NFC for Mobile Commerce
It’s been reported that several major handset makers will begin shipping NFC-enabled smart phones beginning in 2011. With contactless payment (credit/debit card emulation) projected to be one of the primary uses of NFC in mobile devices, several banks and financial service providers are beginning to take steps to prepare their payment infrastructures. For example, Bank of America launched a retail pilot earlier this year and Visa piloted a program to allow commuters in New York to use their mobile devices to pay for train and bus fares.
Consider further, the power of your mobile phone acting as your wallet without requiring you to purchase any new products or change your behavior. That’s what Verizon, AT&T and T-Mobile USA envisioned when they formed ISIS. They’re calling it a “mobile wallet”, positioned to replace cash, credit/debit cards, reward cards, coupons, event tickets and even bus passes. These three telcos plan to initially partner with Discover Financial Services and Barclaycard US to deliver contactless payments services.
Sounds to me like the necessary pieces of the infrastructure puzzle and some interesting applications are starting to fall into place.
The Promise of NFC
In addition to mobile commerce, other innovative applications using NFC may include interactive advertising, electronic ticketing, electronic access (cars, homes, offices, etc), and the ability for multiple NFC-enabled devices in close proximity to each other to exchange information – in a machine-to-machine (M2M) or peer-to-peer (P2P) mode.

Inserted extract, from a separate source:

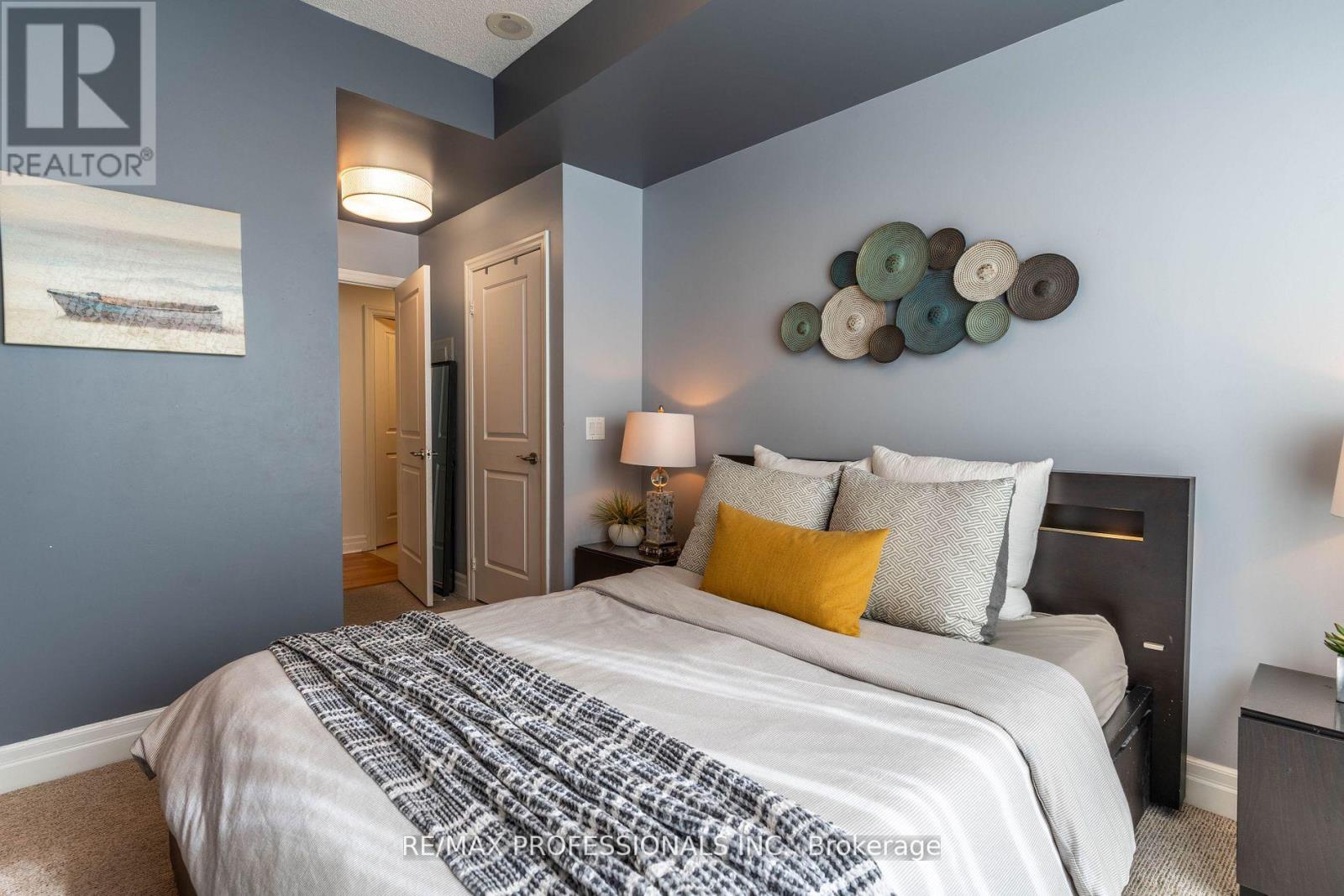 203 - 58 Marine Parade Drive, Toronto, Ontario  M8V 4G1 - Photo 7 - W12668148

Social networks will also play a role by providing platforms for individuals to share information generated with and by their mobile devices to a massive worldwide audience, in real time.

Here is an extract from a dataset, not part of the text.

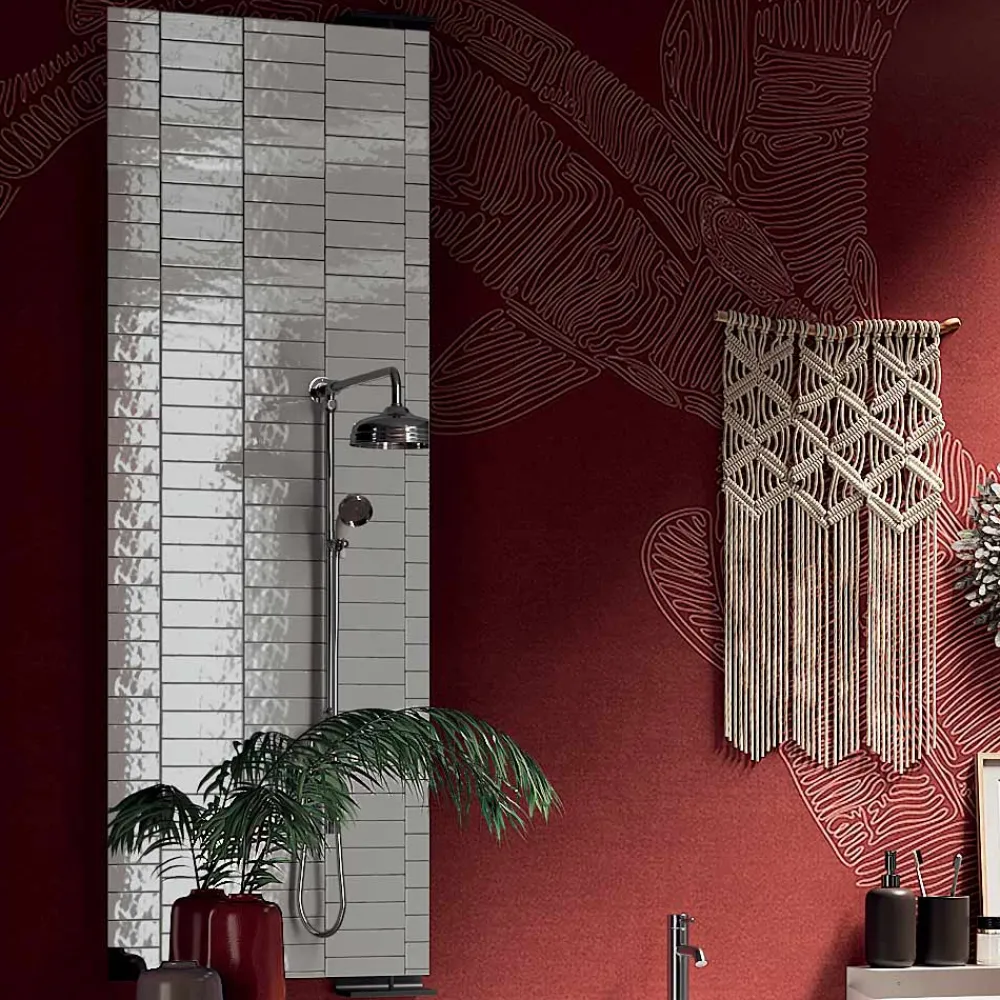 Viadurini Bathroom Badmöbel Hängend-Badezimmerkomposition mit um 180° drehbarem Spiegel, Sockel und Waschbecken Made in Italy – Kilos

Take for example Nokia’s next generation phone app - Nokia Situations – designed to transform the smart phone to a “thinking” phone capable of sensing the situation one is in based on time, day, location and available networks. Consider a phone that could sense your location via RFID, switch into “shopping mode” and then allow you to interact with the retail environment to enhance your shopping experience, and your social network to communicate your brand preferences to a global audience. Of course with all of this innovation, security and data privacy must be a primary focus. Building in the ability for a mobile device user to go incognito one day, and be a marketer’s dream the next, could go a long way in terms of consumer adoption.

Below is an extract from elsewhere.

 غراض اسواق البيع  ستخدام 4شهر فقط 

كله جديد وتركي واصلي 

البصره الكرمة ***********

And it’s not just for retailers. A Mashable blog lists other ways NFC can be put to good use, including improving treatment and research in healthcare, a variety of transportation related uses, and the introduction of thousands if not millions of new smart objects.
With NFC-enabled handhelds hitting the market soon, could this be the next major industry milestone that drives the widespread adoption of RFID-enabled applications and a true multi-scale wireless world?